Our flight was super easy and we lucked out by getting extra leg space!
I had a nice shakeout run with my boyfriend and his friend who was in town for the race too. We ran fast but it felt easy.
We took a free shuttle to the expo and spent about an hour there in an attempt to not walk around too much.
We rested during most of the afternoon before going over to a friend’s apartment to cook our own, homemade pre-race pasta dinner.
I got about 8+ hours of restful sleep and awoke on race morning feeling refreshed and ready to go.
We got to the race with plenty of time to spare, however, we didn’t realize how long it would take for 45,000 runners to get through security. By the time I checked my bag at gear check and got in the porta potty line (to pee!) I had about 10 minutes until the corrals closed. The lines weren’t moving at all so I decided it was probably just nervous pee and I could hold it, so I left the line and headed for my corral to find the 4:00 pacer.

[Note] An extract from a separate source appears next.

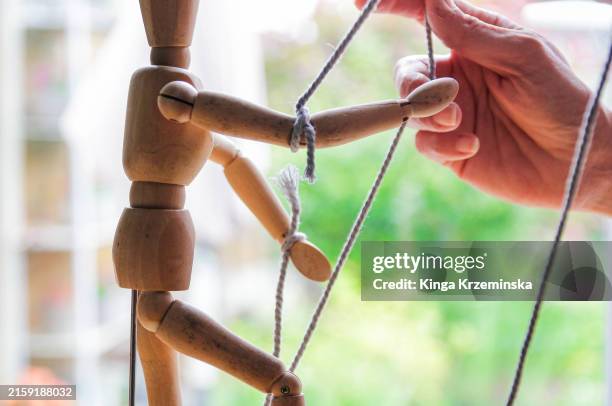 988,472 In Excel Power Query Do I Use Data Or Leads Stock Photos, High ...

I found the pacer but I didn’t get to line up as close to them as I would have liked. Then, they dropped their pacing signs and were nowhere to be seen for the rest of the race. That was frustrating because I’m used to pacers holding the sign for the whole race so they can be seen. That wasn’t the case in Chicago.

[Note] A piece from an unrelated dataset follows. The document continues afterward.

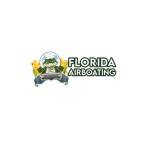 Florida Airboat Rides Profile Picture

Chicago is a crowded race so I spent the first few miles trying to get around people to find some open space, but there really wasn’t any. Going into Sunday my plan was to run with the 4:00 pacer through the half and then, depending on how I felt, step it up a bit. Since I couldn’t find the pacer after the gun went off, that plan went out the window. Instead I tried to just run based on feel.

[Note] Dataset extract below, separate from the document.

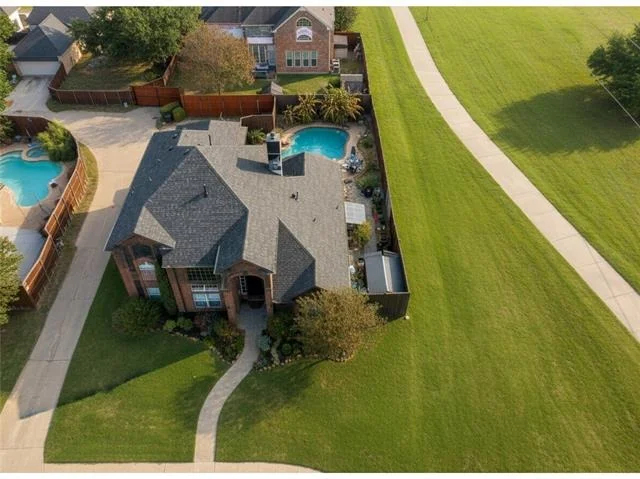 Photo of 4301 Brady Drive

This worked but I was nervous when I kept seeing my miles click off at 8:35-8:54/mile. I thought this was too fast but I was really feeling good so I just decided to go with it.
Then I started to get excited. I knew a 3:55 marathon was a 8:58/mile pace so I knew I was well under that. I told myself to just keep running at a comfortable place, no speeding up, but no slowing down.
After hitting mile 10, the pee that didn’t happen at the start, began to make it’s presence known. I tried to ward it off but by the half I knew I was going to have to stop at the nearest porta potty to avoid cramping later on.
I didn’t see a porta potty until mile 15 and by that time I had to pee so bad I thought I was going to explode. I lost a whole two minutes just peeing (sorry for the TMI) and because porta potties are disgusting, I had to squat. The second I started running again I knew my race was gone, my legs immediately cramped up and remained cramped for the final 11.2 miles.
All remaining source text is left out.